Access to Energy

ACID RAIN IN CANADA AND GERMANY

About half an hour of the two-day Quebec meeting between Reagan and Mulroney in March was devoted to acid rain; a joint team was appointed to examine the question. This evoked ridicule among the media dunces, but the stand of both was perfectly correct. Mulroney's position was that not much bargaining can be done until Canada cleans up its own act (it is behind the US in automobile emission standards, and its smelters are among North America's worst Polluters). Reagan very sensibly requires more research before taking action.

"By then it may be too late," say the sham-environmentalists.
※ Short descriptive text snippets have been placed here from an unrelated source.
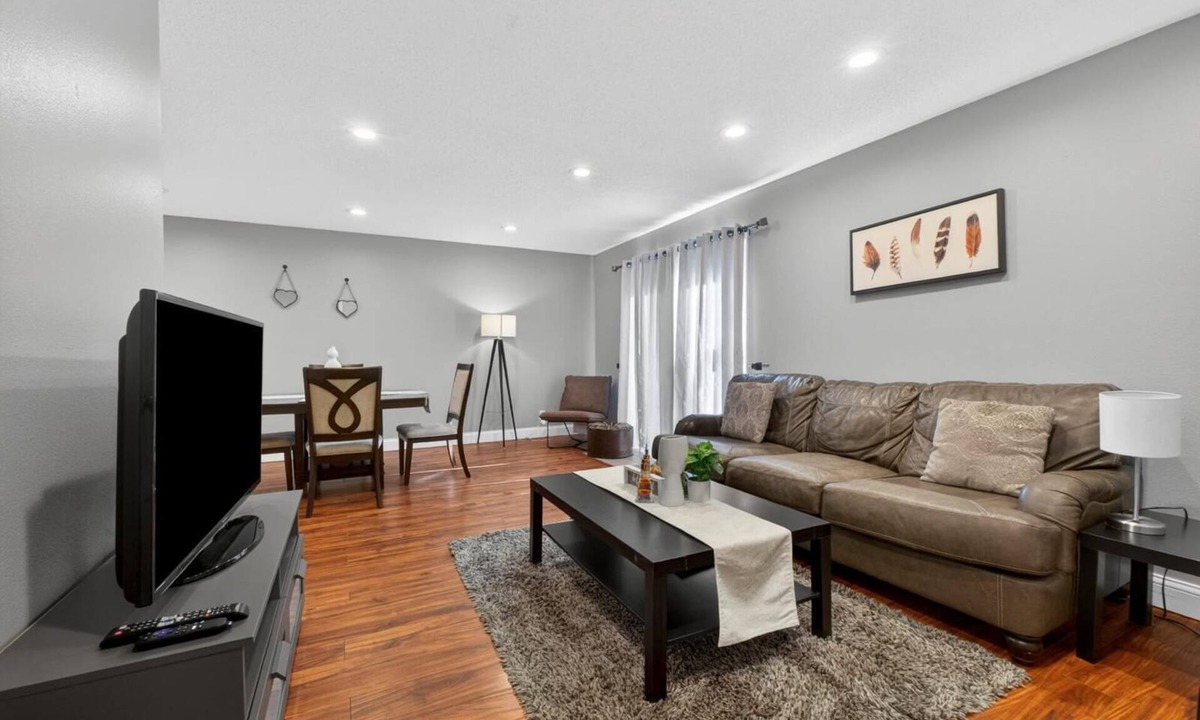 St. Louis Apartment | 2-bedroom condo in serene Creve Coeur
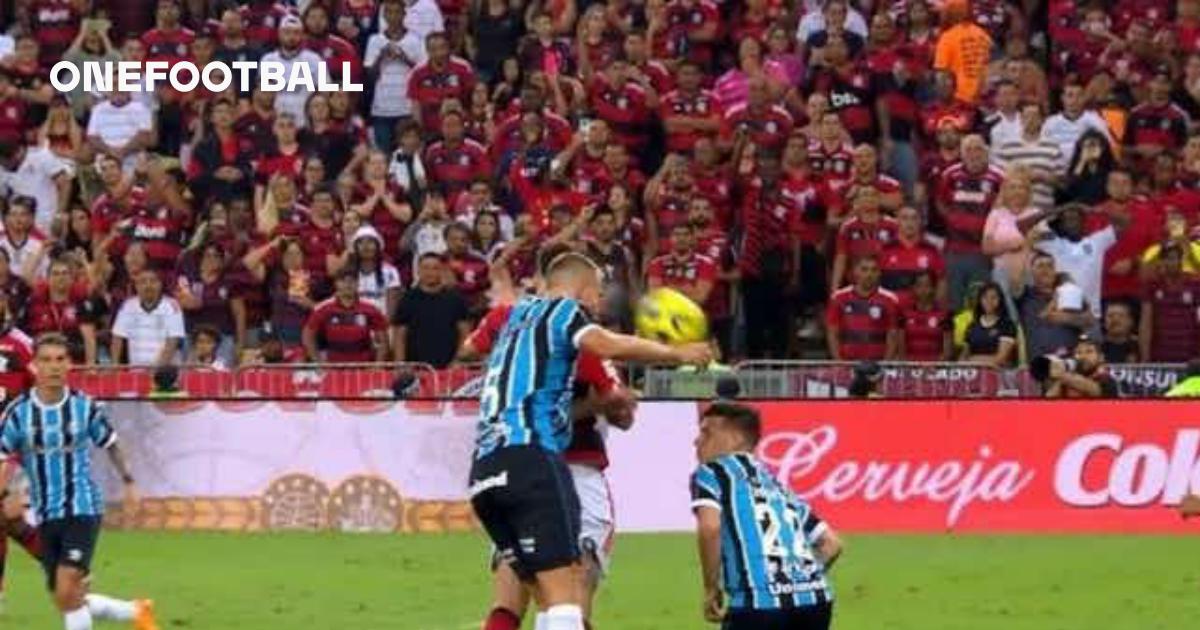 Pênalti onde?: torcedores do Flamengo se revoltam com arbitragem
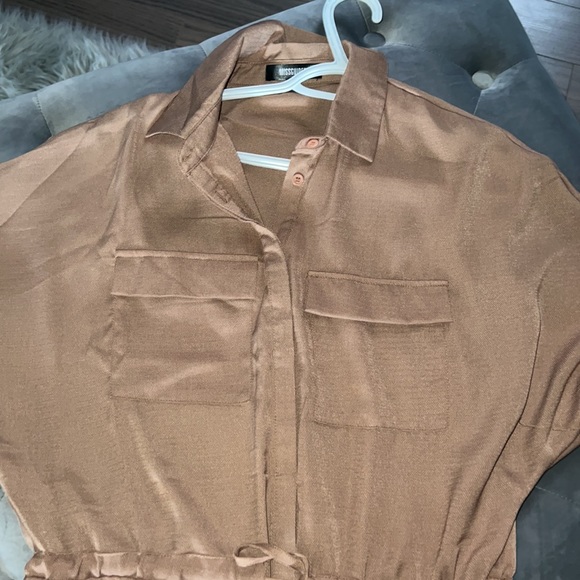 Tan shirt - Picture 2 of 2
For doing what, with what, to whom?

The mechanism of acid rain is far trickier than the ecosages suggest, and the evidence from both California and the eastern US appears to point to automobile traffic rather than power plants. German data point in the same direction. West German forests are now undoubtedly suffering damage, but a number of causes (including disease) are evidently at work, some of them interacting, and with varying importance for different German forests. What, for example, is killing trees in the Black Forest and in the Alps, where SO2 levels are low? Presumably (but not provenly) it is automobile traffic, for as in the analogous case of California, there are many roads, but few or no coal-fired power plants in the area.

One of the more promising theories holds that it is photochemically produced ozone which damages the needles, acid mist which leaches out the nutrients, and frost which kills the weakened trees. The theory is about to be tested in a West German governmental pollution lab, where trees will be put in climate chambers to be given various doses of sunlight, pollution, frost and acid.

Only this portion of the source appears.